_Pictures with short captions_
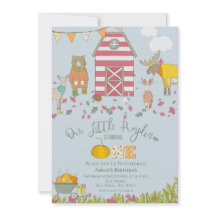 Primeiro Convite de Aniversário para Queda de Amig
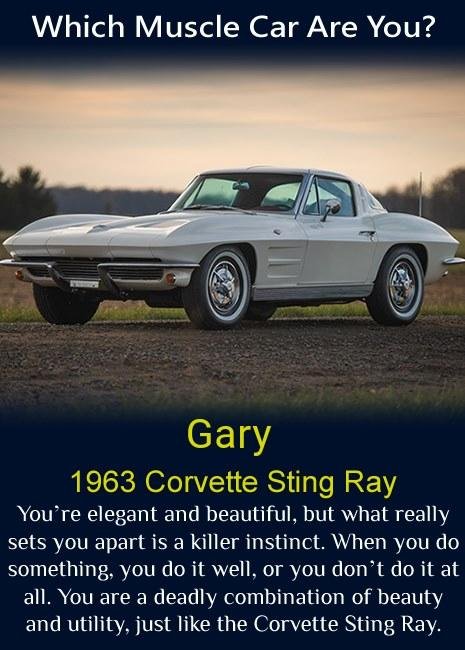 1963 Chevy Corvette.  I'll take that.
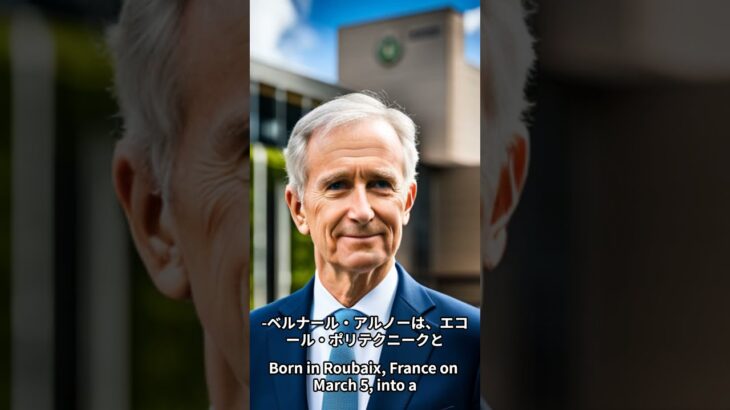 世界の教養〜education in the world〜　起業家編　#Bernard Arnault　#lvmh  #shorts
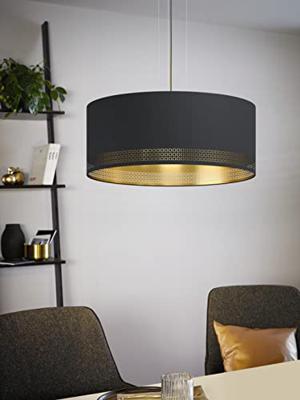 Eglo Zwarte hanglampEsteperra Ø 53cm - 99274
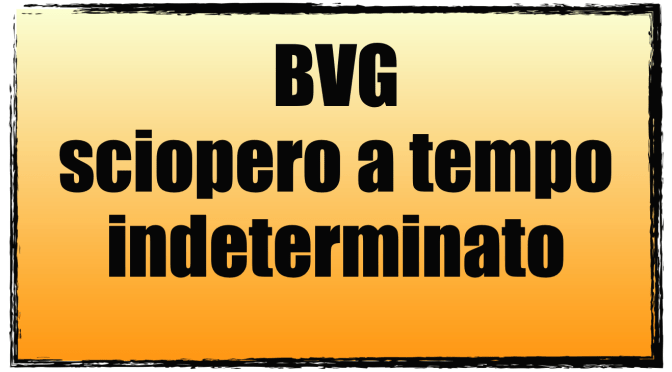 BVG: i membri del sindacato Verdi votano per uno sciopero a tempo indeterminato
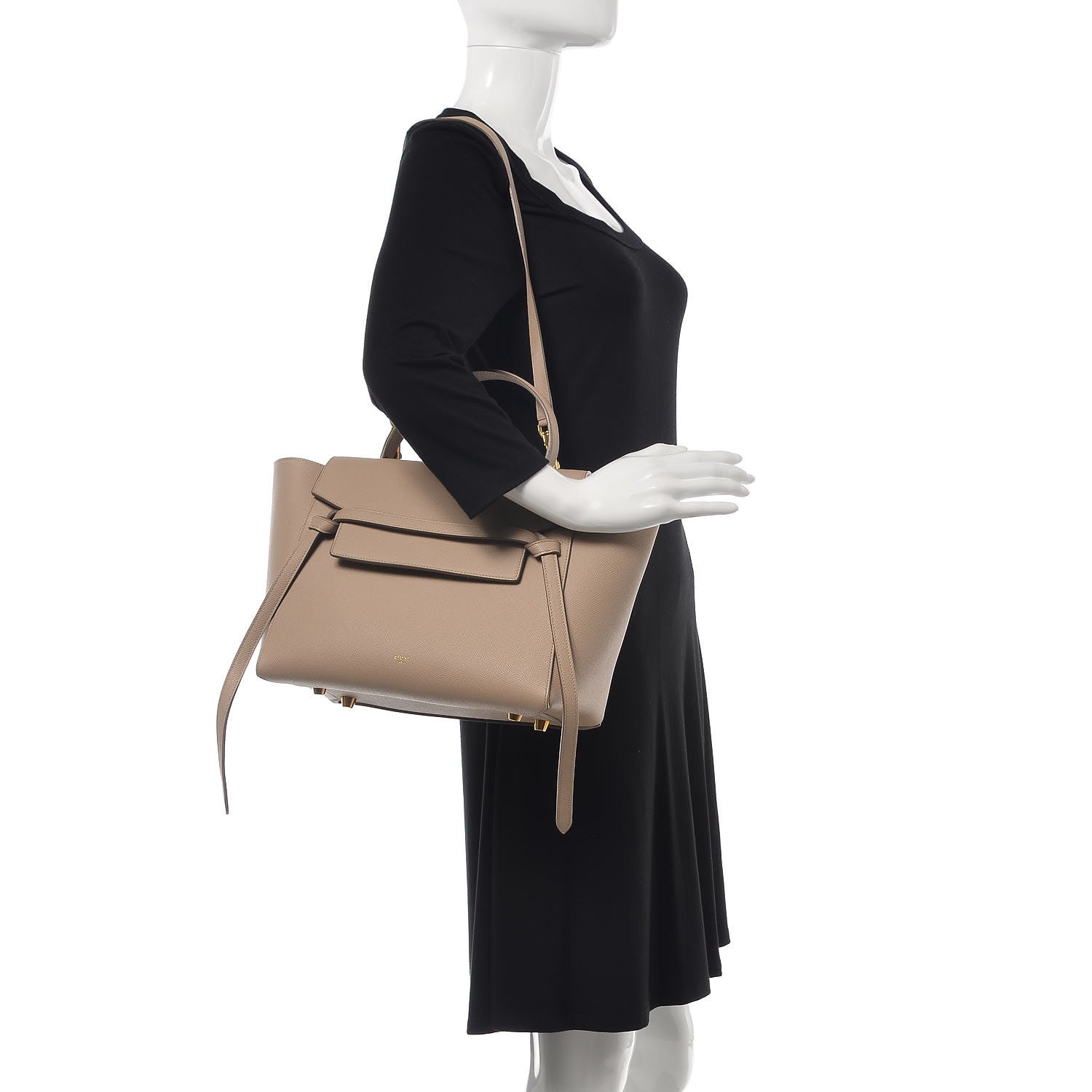 Celine Grained Calfskin Mini Belt Bag Light Taupe 2 of 11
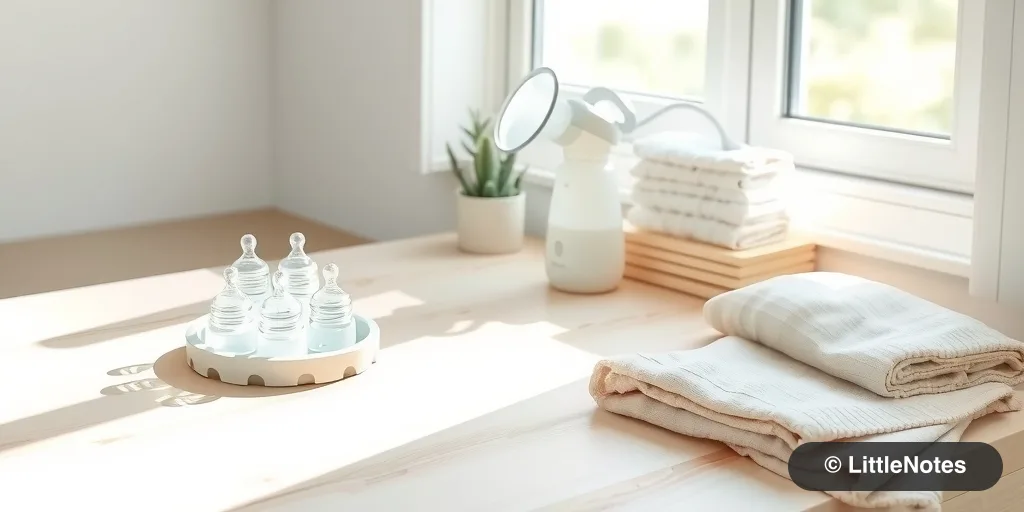 Illustration for Navigating Pumping and Bottle Feeding: Practical Hacks for Busy Parents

_WHAT THIS TASK INVOLVES_
An exact copy is needed of the lines running from the one with "Eglo Zwarte hanglampEsteperra Ø 53cm - 99274" through the end of the data above, and of those lines only, without pictures.

_SOLUTION FOR THIS EXERCISE_
 Eglo Zwarte hanglampEsteperra Ø 53cm - 99274
 BVG: i membri del sindacato Verdi votano per uno sciopero a tempo indeterminato
 Celine Grained Calfskin Mini Belt Bag Light Taupe 2 of 11
 Illustration for Navigating Pumping and Bottle Feeding: Practical Hacks for Busy Parents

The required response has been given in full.